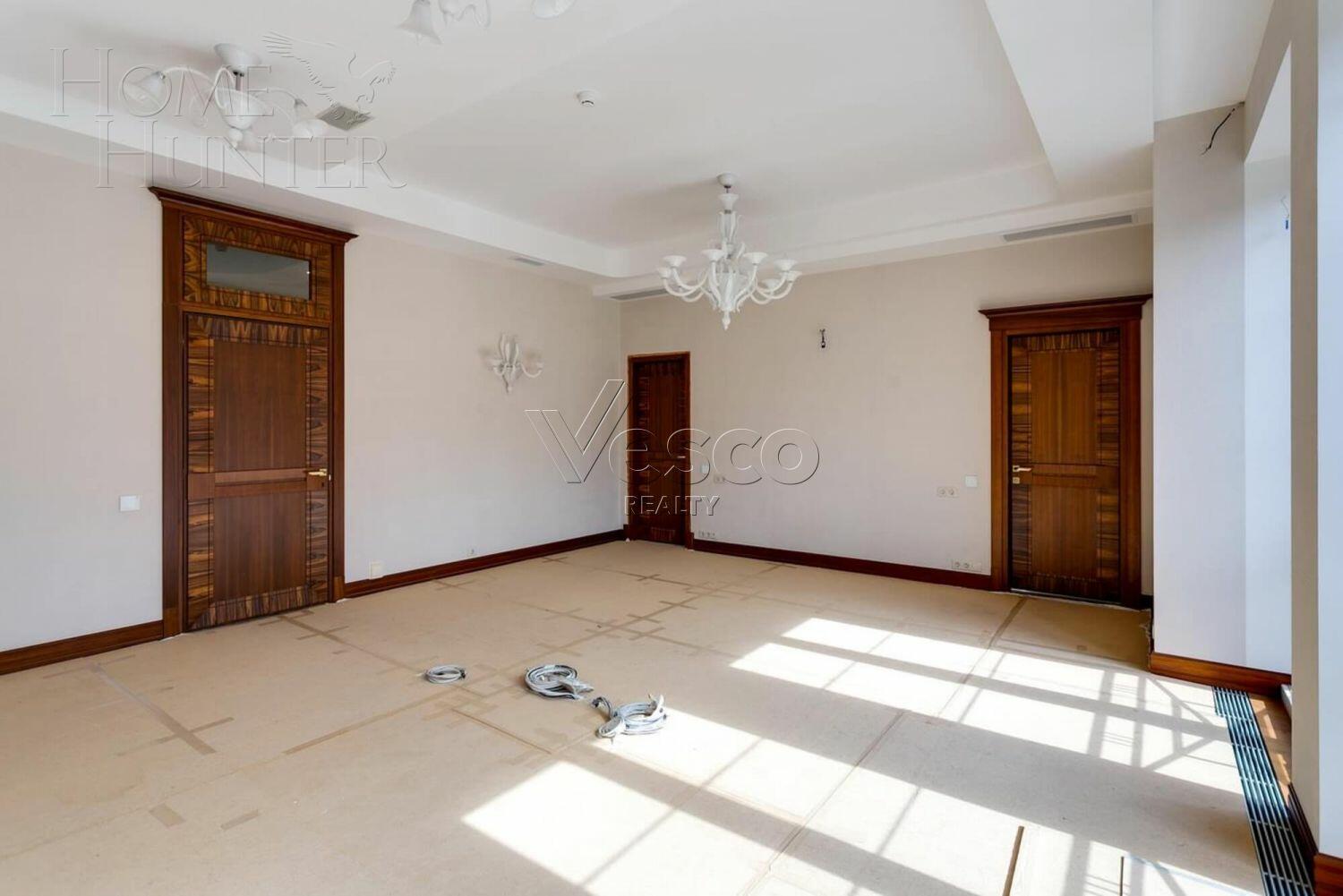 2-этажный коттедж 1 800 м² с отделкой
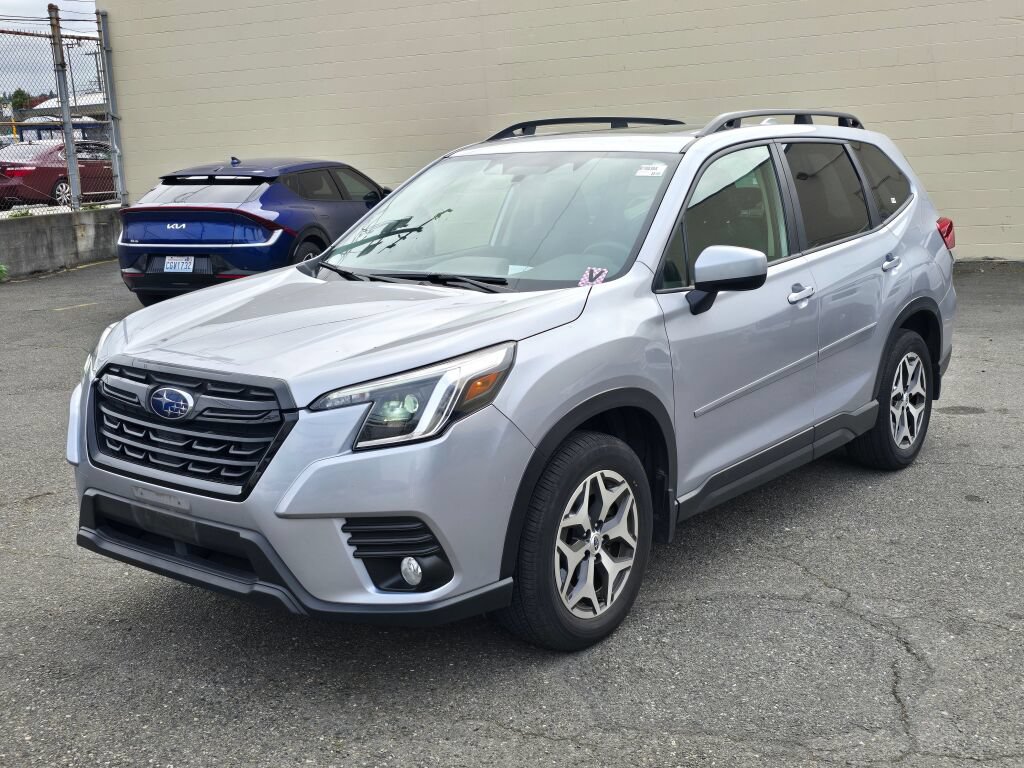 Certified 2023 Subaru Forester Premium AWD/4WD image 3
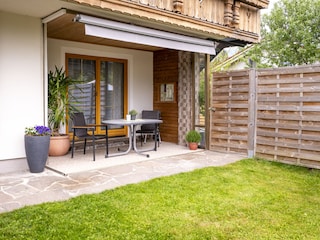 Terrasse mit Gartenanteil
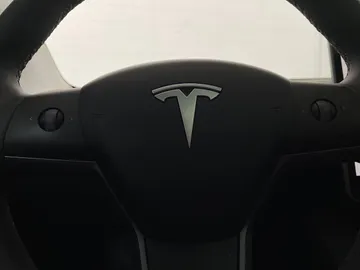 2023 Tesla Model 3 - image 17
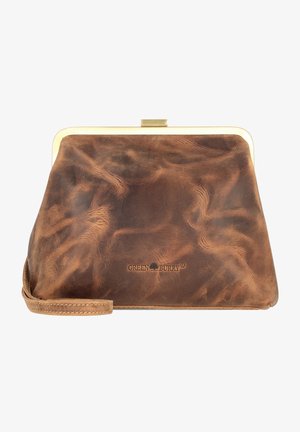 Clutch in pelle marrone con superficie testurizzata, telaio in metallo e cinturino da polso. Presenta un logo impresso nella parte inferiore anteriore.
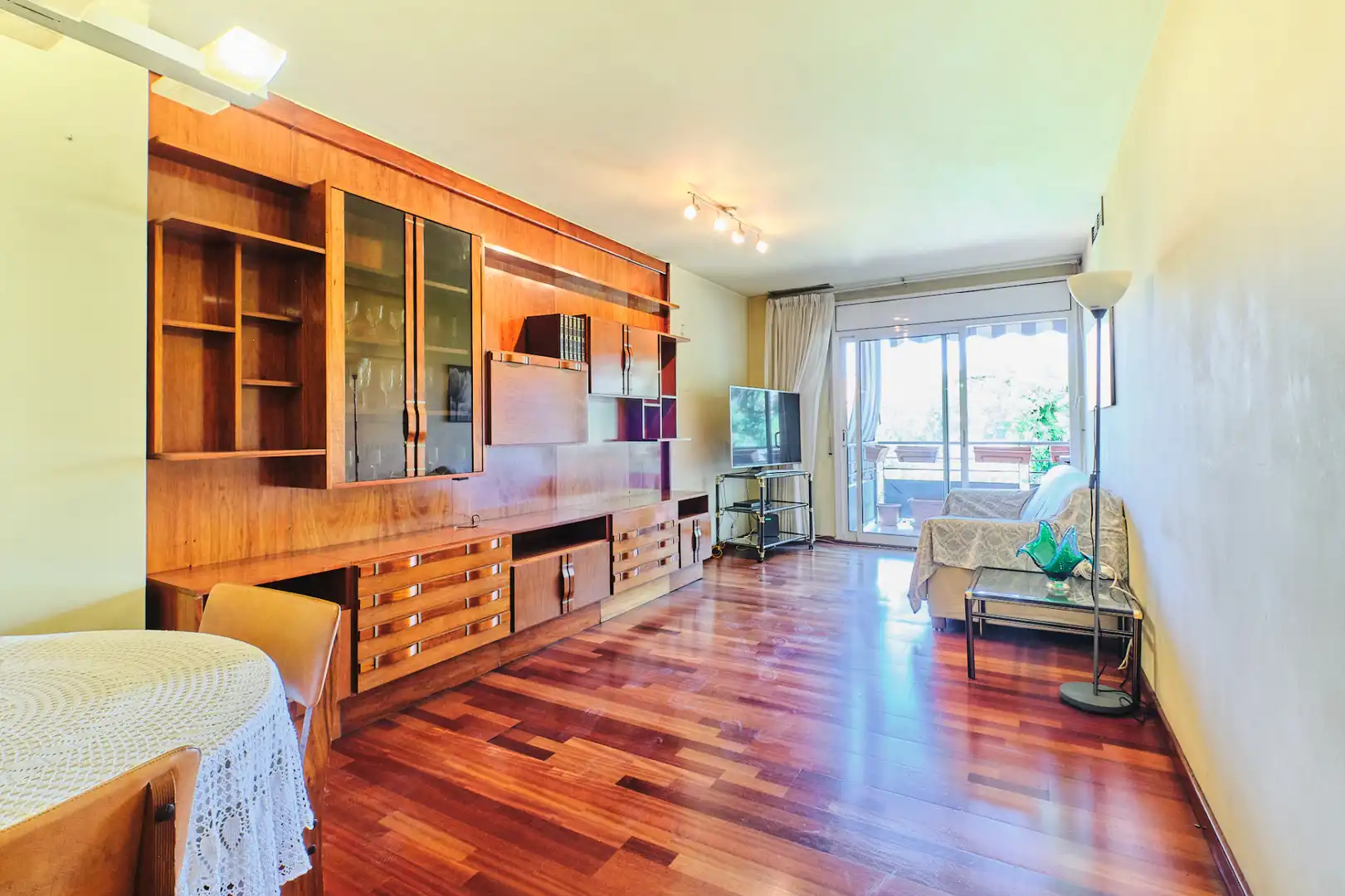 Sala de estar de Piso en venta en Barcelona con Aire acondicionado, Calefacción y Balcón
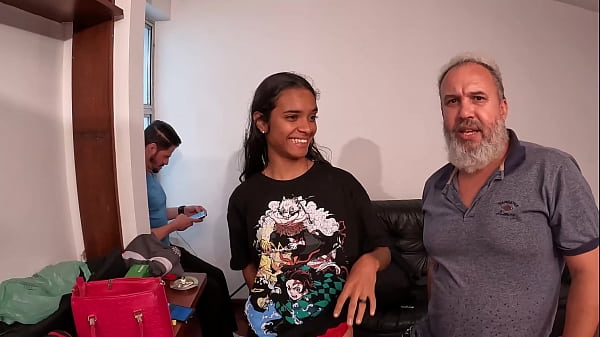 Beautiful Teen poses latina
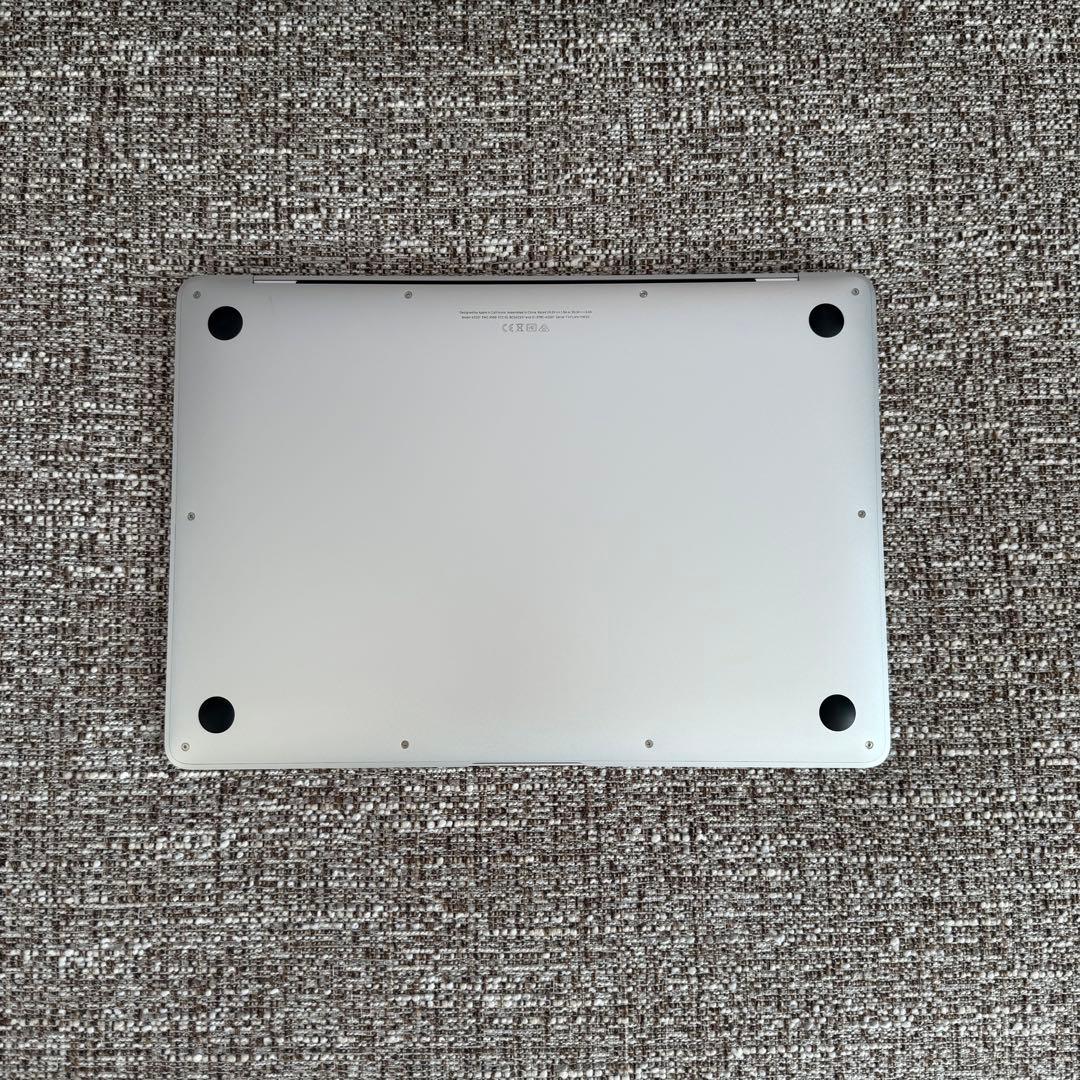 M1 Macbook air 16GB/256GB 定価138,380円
########################################
» **Task**: Write out the lines from the start of the material to the line with "Sala de estar", inclusive and exactly. Skip the pictures.

» **Written response**:
 2-этажный коттедж 1 800 м² с отделкой
 Certified 2023 Subaru Forester Premium AWD/4WD image 3
 Terrasse mit Gartenanteil
 2023 Tesla Model 3 - image 17
 Clutch in pelle marrone con superficie testurizzata, telaio in metallo e cinturino da polso. Presenta un logo impresso nella parte inferiore anteriore.
 Sala de estar de Piso en venta en Barcelona con Aire acondicionado, Calefacción y Balcón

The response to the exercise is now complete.